Sunday, I’m evicted from my apartment. It’s not my fault: the whole building has been torn down. Seems the Israeli landlord invested too heavily in cold fusion. “Tough break, champ,” the new AI landlord says.
Sunday night I have a breakdown. I see visions. I’m on a Paris street. I hear the ocean. I’m on a cliff above the sea. I’m lost in a magic palace in which all rooms connect, looking for someone, but I can’t seem to find her . . . I feel my mother’s presence. Does my mother live near the sea? Last I heard, my mother was designing belts in Moscow. Is this even my own memory, my own past?
Someone told me once that it’s better to forget the past. An angel. Or perhaps it was my father. At any rate, I’m starting to see what he meant.
More visions of the girl with curly hair. Yellow light glows behind her, cigarette smoke trickles past her eyes. The sensation of hope is like a taste, like honeydew, like fruit punch.

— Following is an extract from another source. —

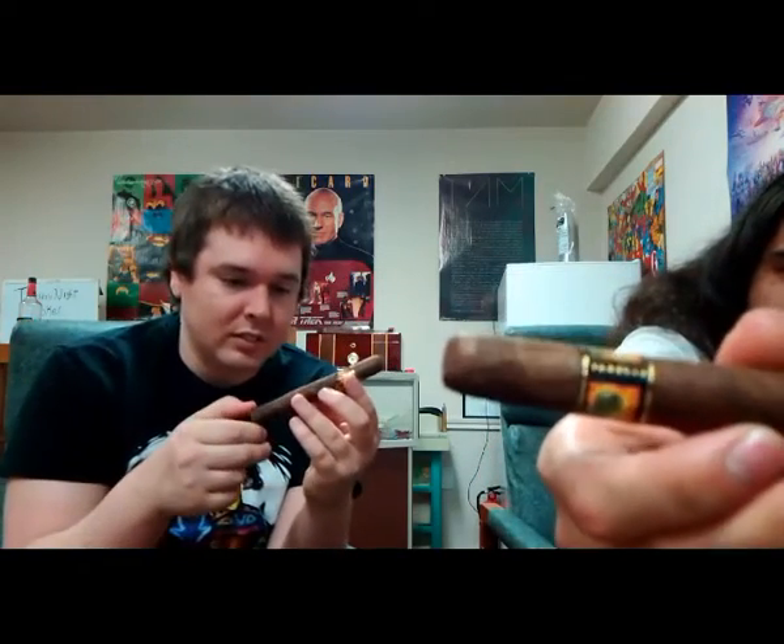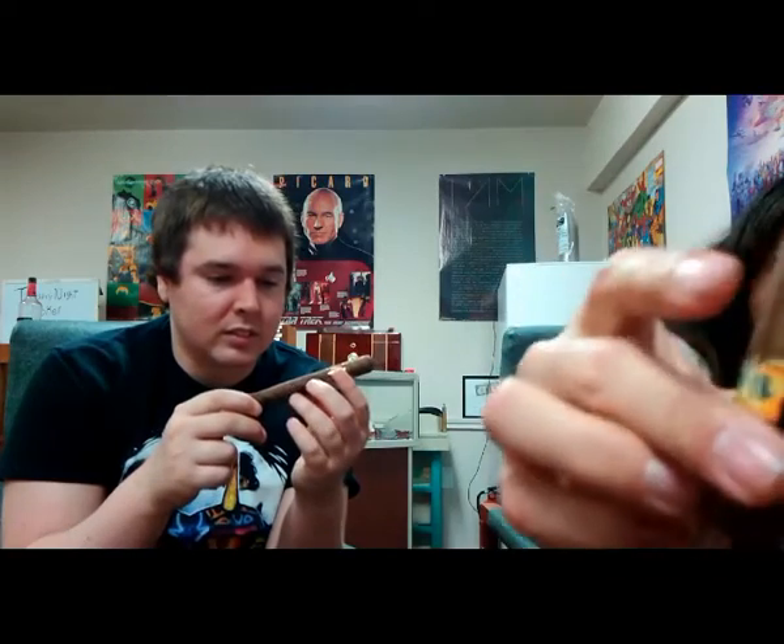As far as the roll goes, mine looks like it's got kind of a square side where it was sitting in the bundle or box, pressed pretty close together. It doesn't look like it's intended to be a box press — it just got that way sitting in the bundle. The wrapper looks pretty smooth overall, though you definitely notice quite a few veins. It's not a very smooth roll — there are a couple of rough spots up by the cap.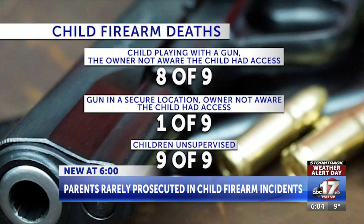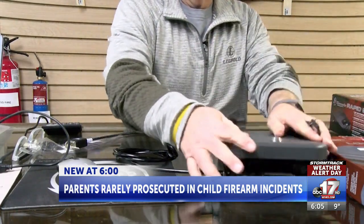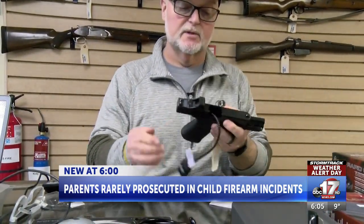I spoke with Modern Arms store manager Larry Wayland about safely securing and storing your firearms away from children. To use the supplied disabling cable that comes with every handgun sold in America, it's a very simple process. We simply remove the magazine from the gun, drop the cable down through the magwell with the slide locked open, and then we can lock that gun so that it becomes unserviceable.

On Monday, Ming calls again. “We found her.”
* * * *
I book a red-eye to Spain. My mystery girl lives there, according to Ming. Her name is Jeanine. I say the name to myself repeatedly. It’s charming and strange that the girl should have a name.
In the airport I realize I ought to warn Jeanine I’m coming. I take out my phone. What if Jeanine speaks only Spanish? I make sure my translation software is up to date and leave a voice message. I try to be vague but not creepy, suave but not sleazy.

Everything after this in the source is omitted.